The FCA is conducting an investigation into the affairs of London Capital & Finance Plc (LCF).
In addition, the FCA has imposed certain requirements on LCF including:
- It may not (without the prior consent of the FCA) deal in any way with its assets, including the money held in its banks accounts.
- It must cease conducting all regulated activity.
Previously, on 13 December 2018, the FCA announced that it had directed LCF to withdraw all of its existing marketing materials in relation to its Fixed Rate ISA or Bond.
The FCA considers that it is appropriate to publicise the fact of its investigation into LCF now, as a result of other public actions taken by the FCA and in anticipation of legitimate queries from investors regarding the firm.
Will I get my investment back?
The FCA’s work in relation to the firm is ongoing, but it is aware that investors are keen to receive details on the progress of this work and the status of the firm. The FCA will publish updates on its website, when it is appropriate to do so.
What action is the FCA taking against LCF?

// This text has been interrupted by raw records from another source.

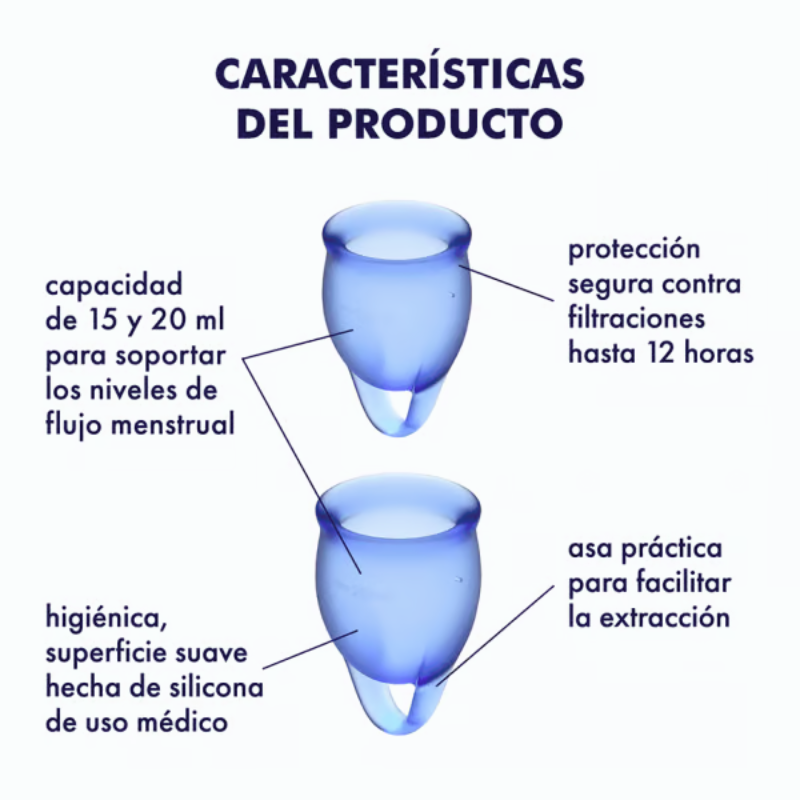 Set 2 Copas Menstruales Satisfyer Feel Confident Azul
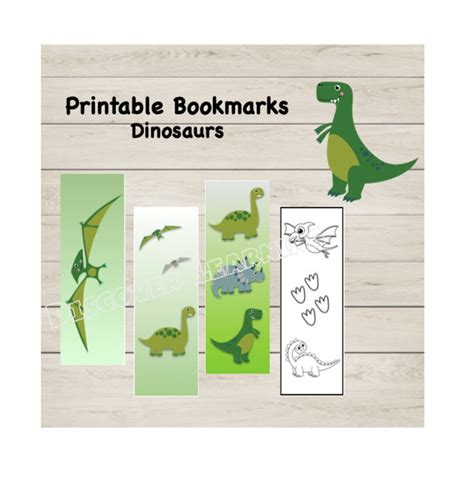 Dinosaur Bookmarks Printable Bookmarks Set Of 4 Party Etsy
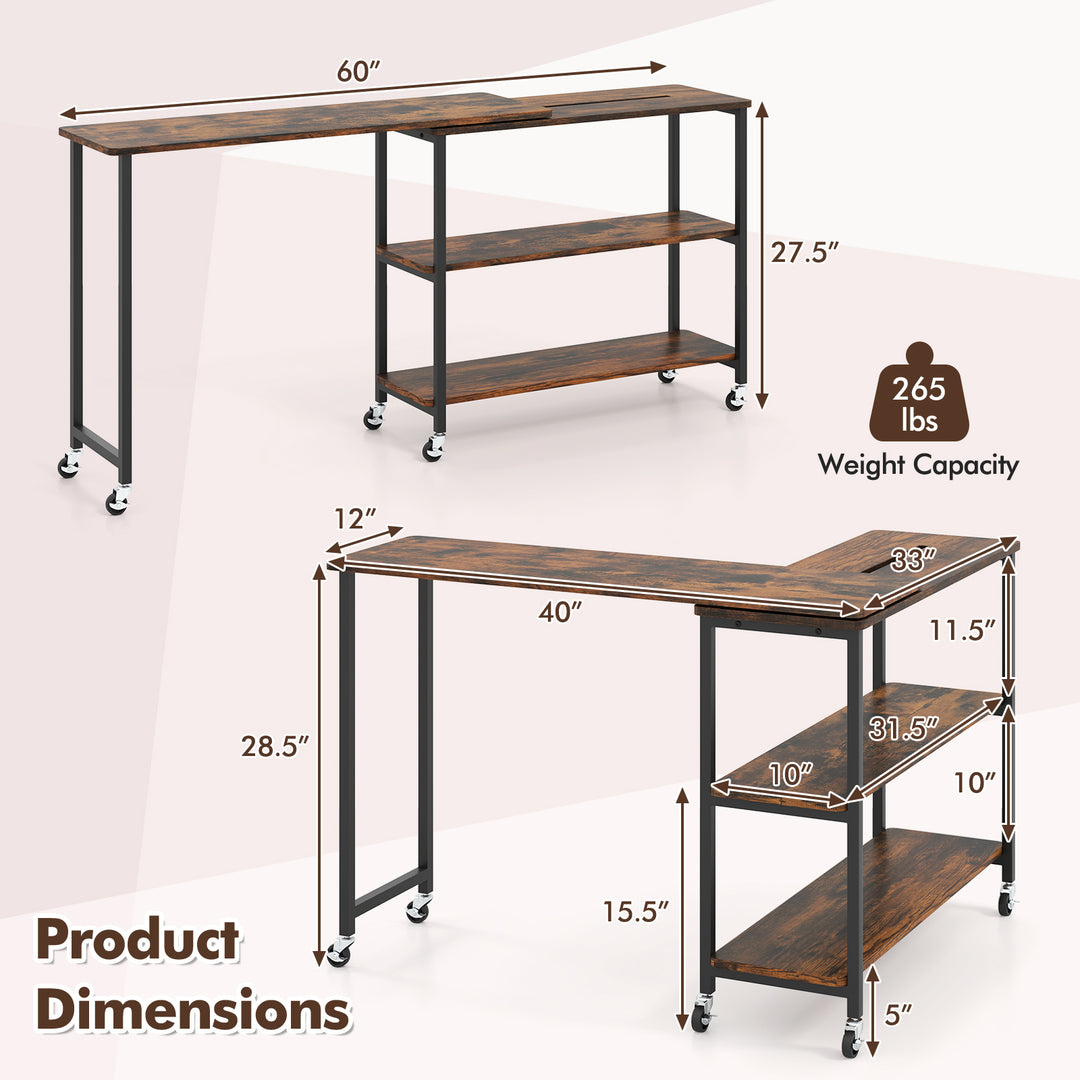 360° Rotation Mobile Laptop Table with 2-Tier Storage Shelves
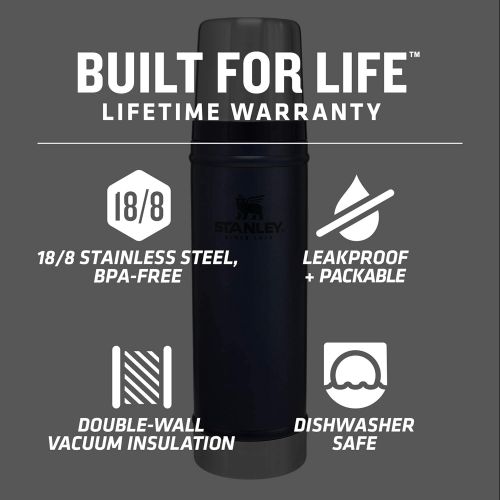 스텐리 Stanley Classic VacuumInsulatedWide MouthBottle- BPA-Free 18/8 Stainless SteelThermosfor Cold & HotBeveragesKeeps Liquid Hot or Cold for Up to 24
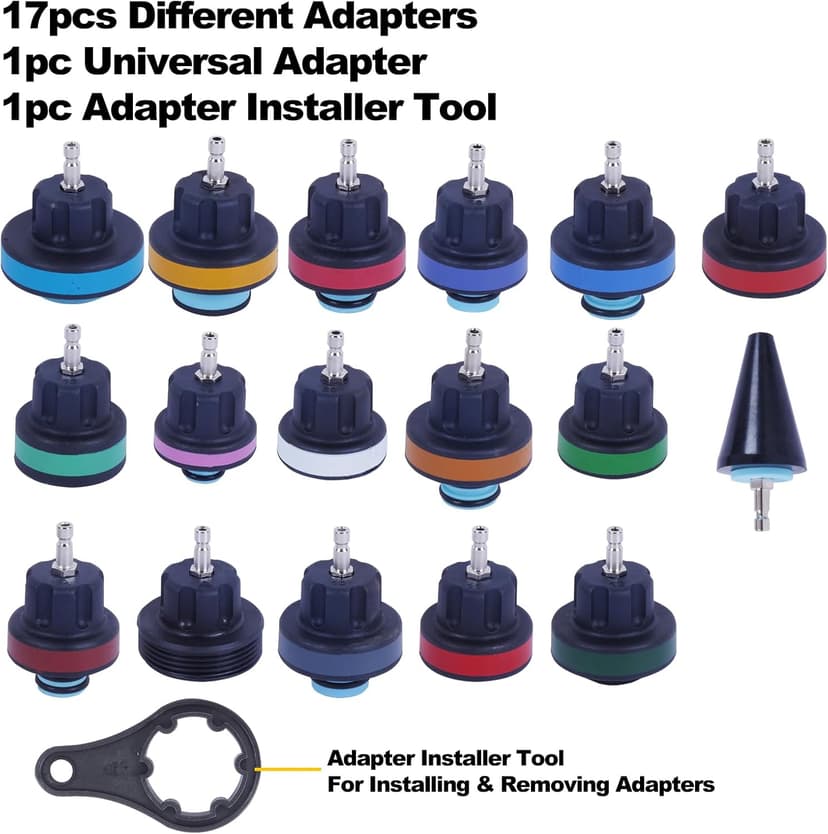 28pcs Universal Radiator Pressure Tester Kit, Tester Pneumatic Vacuum Cooling System Purge Refill Leak/Refiller Set, Universal Automotive Domestic/Import Vehicles, Motorcycle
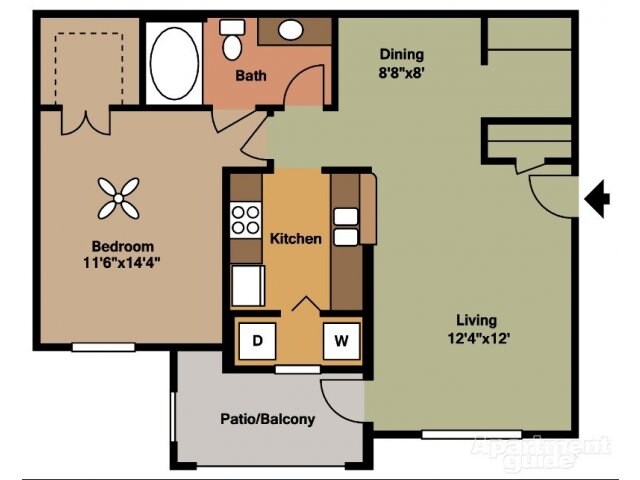 1 Bed • 1 Bath 0235 floor plan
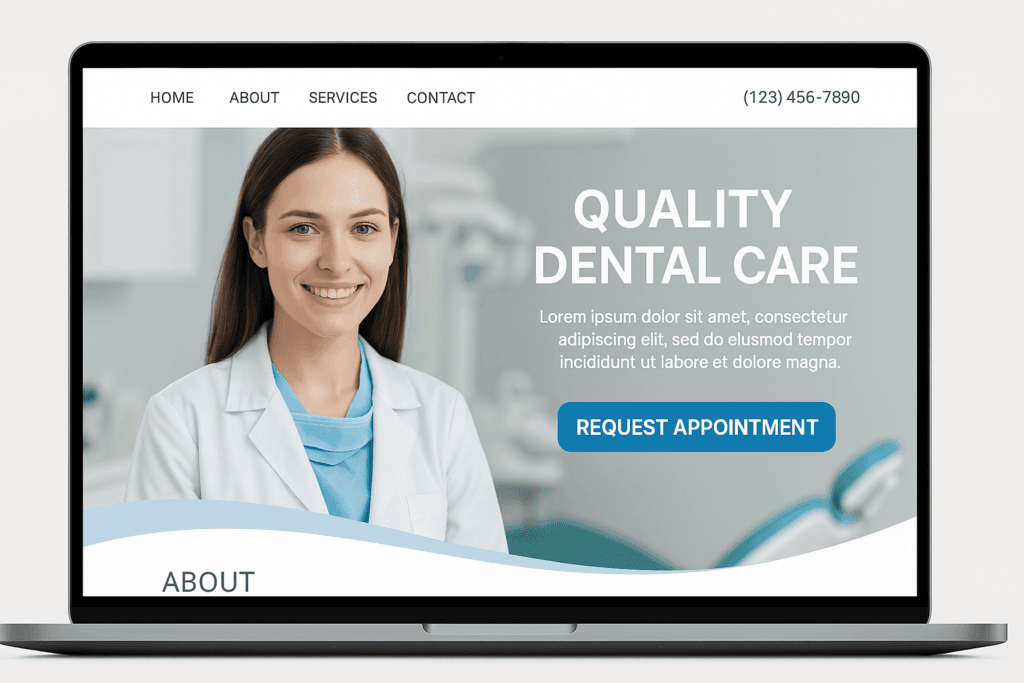 Dental Clinic Website Design CTA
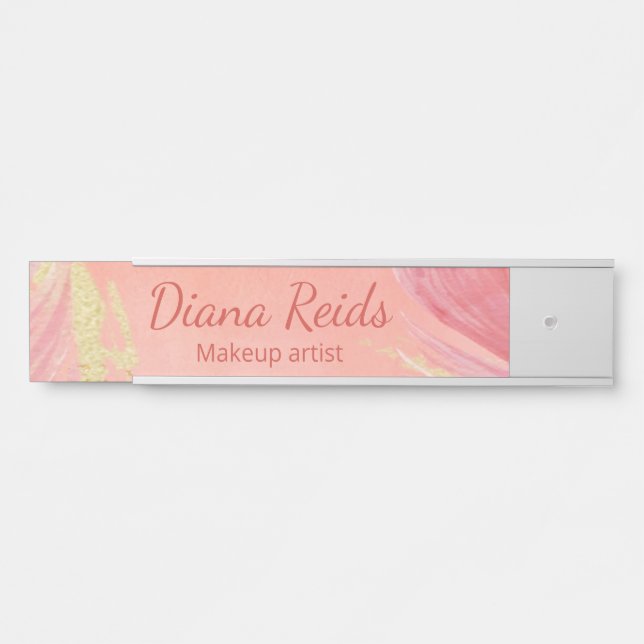 Porte-nom Pour Porte Pink gold glitter custom name (Devant)
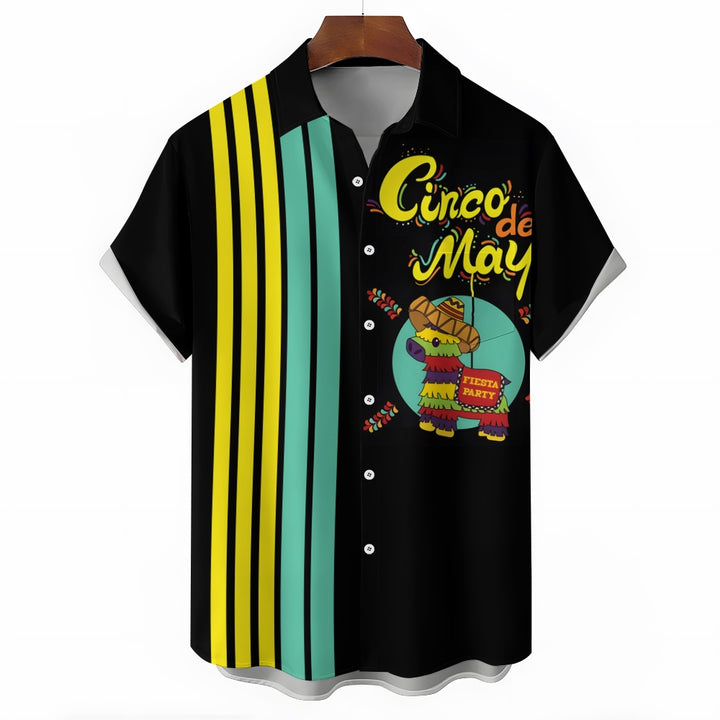 Cinco De Mayo Themed Stripes Casual Short Sleeve Shirt 2403000779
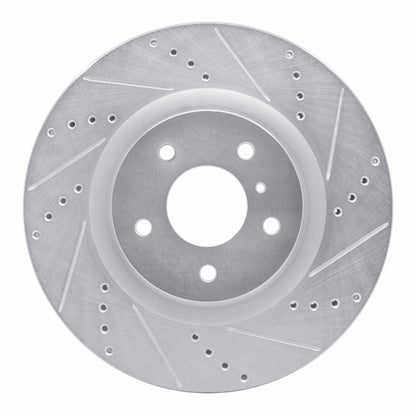 R1 Concepts R1 03-08 Infiniti G35 Front Right Drilled & Slotted Silver Brake Rotor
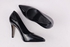 Paylan حذاء جلد بكعب عالي للنساء - أسود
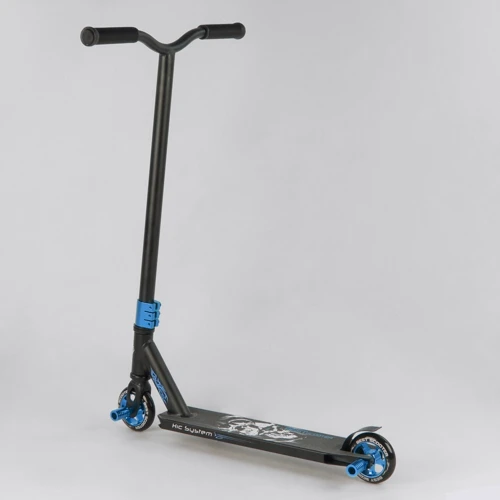 Самокат трюковый Best Scooter с PU колесами, HIC-системой, пеги, алюминиевыми дисками и декой Black/Blue (98433): Материал колес полиуретан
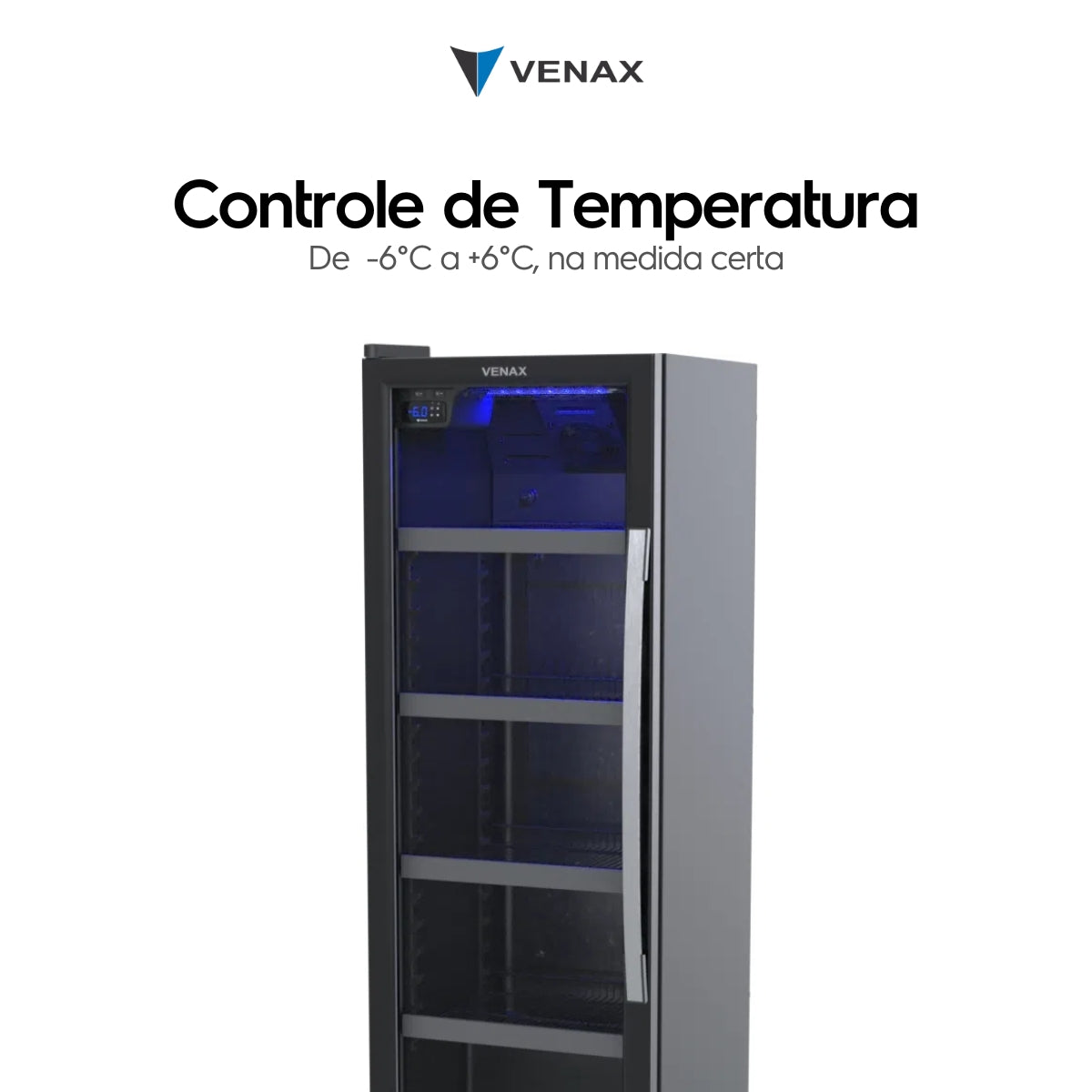 Cervejeira Expositora Venax 200L EXPVBL209 Blue Ligth  Porta Invertida Preto 220V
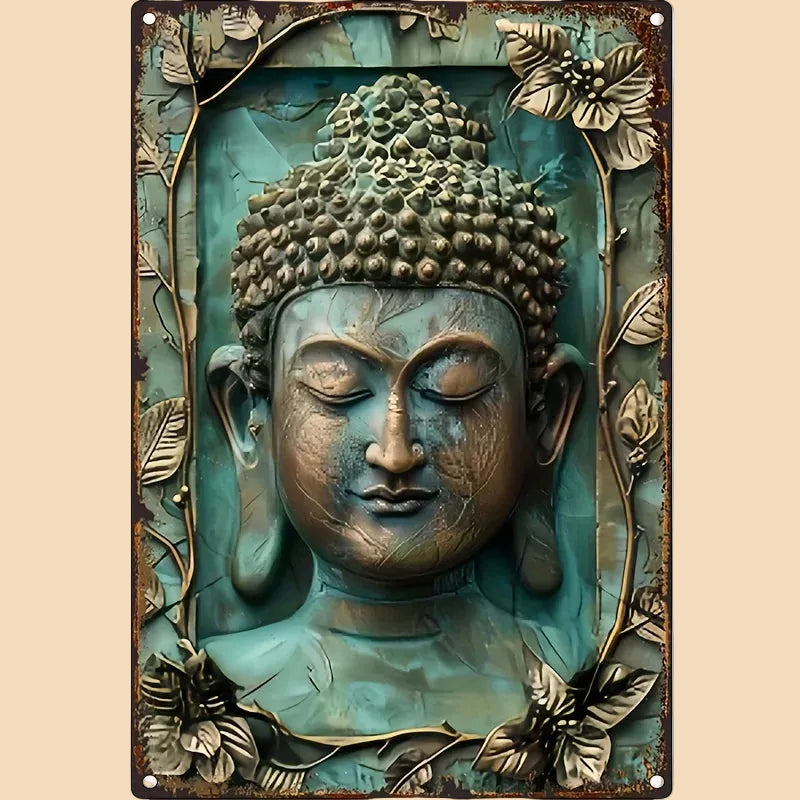 Vintage style Buddha wall art printed on a durable, rustproof aluminum metal sign with a stunning 3D visual effect for Zen home decor.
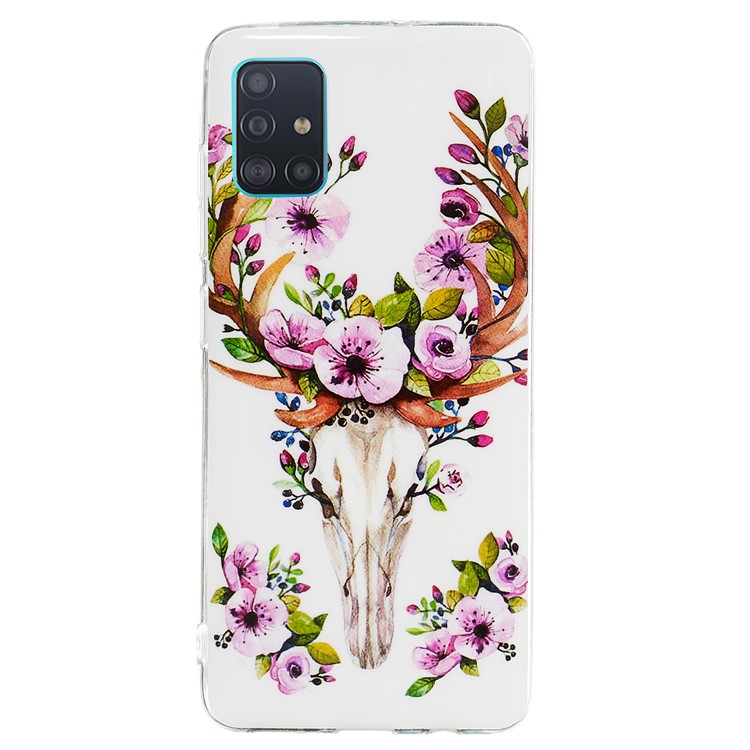 Noctilucent IMD TPU Shell for Samsung Galaxy A51 - Flowered Elk-2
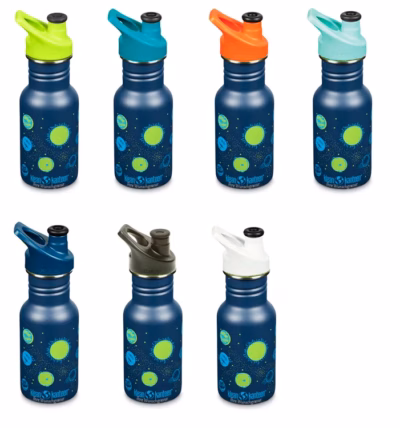 Klean Kanteen Trinkflasche Kid Classic (355 ml) "Planets" - Sport Cap - Deckelfarbe wählbar - Gravur möglich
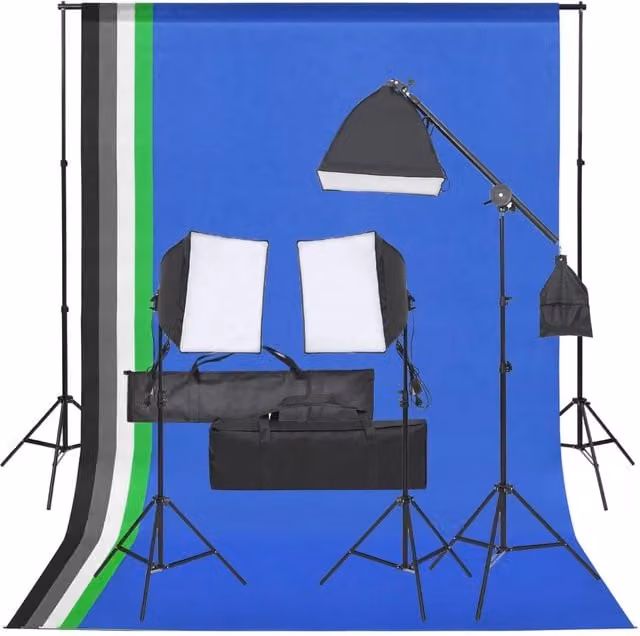 Kit per studio fotografico professionale con illuminazione LED e fondale nero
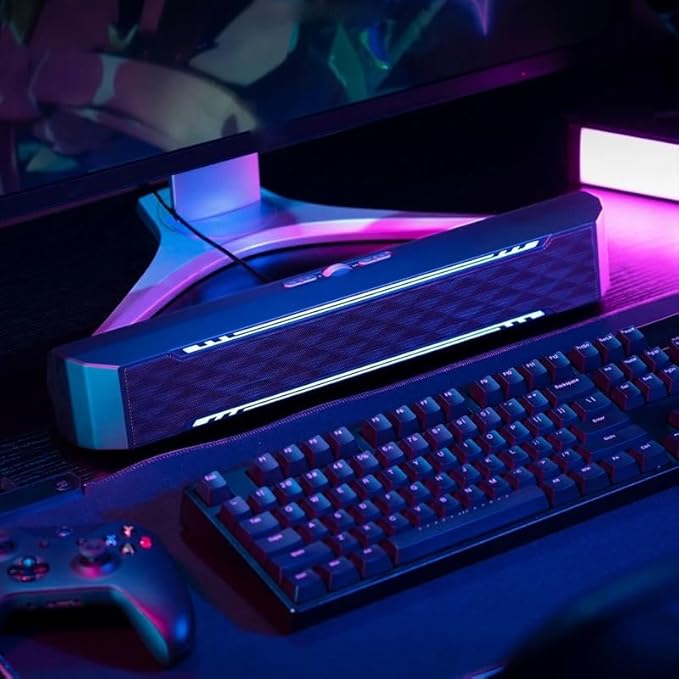 Computer Speakers PC RGB Gaming Sound Bar Portable Speaker for Desktop Monitor Laptop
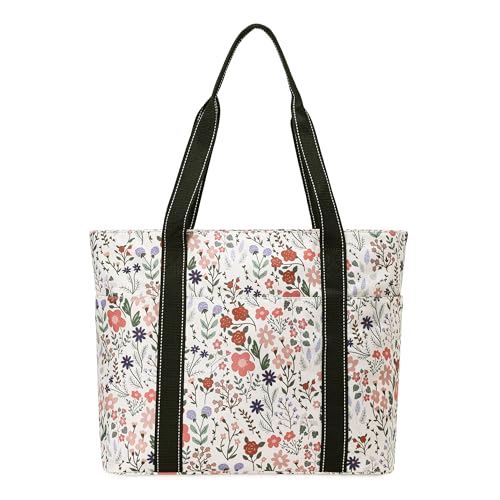 Tote Bag for Women with LaptopCompartment & Cup Holder - color: Pastel Flowers
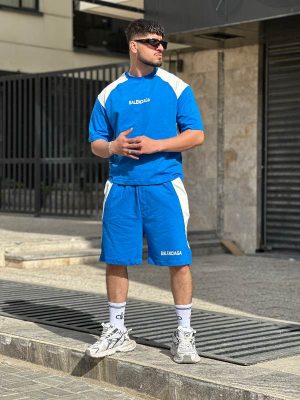 ست تیشرت شلوارک آبی کد 3493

The FCA directed LCF to withdraw all of its existing marketing materials in relation to its Fixed Rate ISA or Bond.
Following this intervention, the FCA required LCF to cease all regulated activities and not to dispose of any of its assets without prior consent of the FCA.
The FCA’s Enforcement division are conducting further investigation. The FCA continues to work with the firm and relevant external stakeholders to take all appropriate steps.
What is a mini-bond?
A mini-bond is an unlisted debt security, typically issued by small businesses to raise funds.
Mini-bonds can be attractive to investors because of the interest rates on offer. However, prospective investors need to understand the associated risks. Mini-bonds are usually illiquid as they are not easily traded, unlike listed retail bonds, which they are often compared to. They can also be high risk, as the failure rate of small businesses can be high. Additionally, as with other corporate bonds, there is no Financial Services Compensation Scheme (FSCS) protection if the issuer fails.
Issuing mini-bonds is not a regulated activity, so firms issuing mini-bonds do not need to be authorised by the FCA. However, when an authorised firm approves a promotion for mini-bonds, they must ensure that it is in line with FCA rules, and that the financial promotion is fair, clear and not misleading. This means, for example, that risks are appropriately communicated.
LCF is the issuer of mini bonds it states it uses to make loans to corporate borrowers to provide capital for further investment. The FCA believes there are approximately 14,000 customers invested in its bonds.
Does LCF need to be authorised?
Firms are required to be authorised by the FCA if they undertake any of the regulated activities listed in the Financial Services and Markets Act 2000 (Regulated Activities) Order 2001 (the Order). Authorised firms are subject to a set of overarching principles and rules issued by the FCA. These principles and rules have to be followed when an authorised firm is carrying on regulated activities in the UK. The Order excludes certain activities from its scope.
Issuing mini-bonds does not normally involve the carrying on of a regulated activity. Therefore, LCF did not need to be authorised to issue the mini bonds but did need to be authorised to issue the promotion of the mini bonds.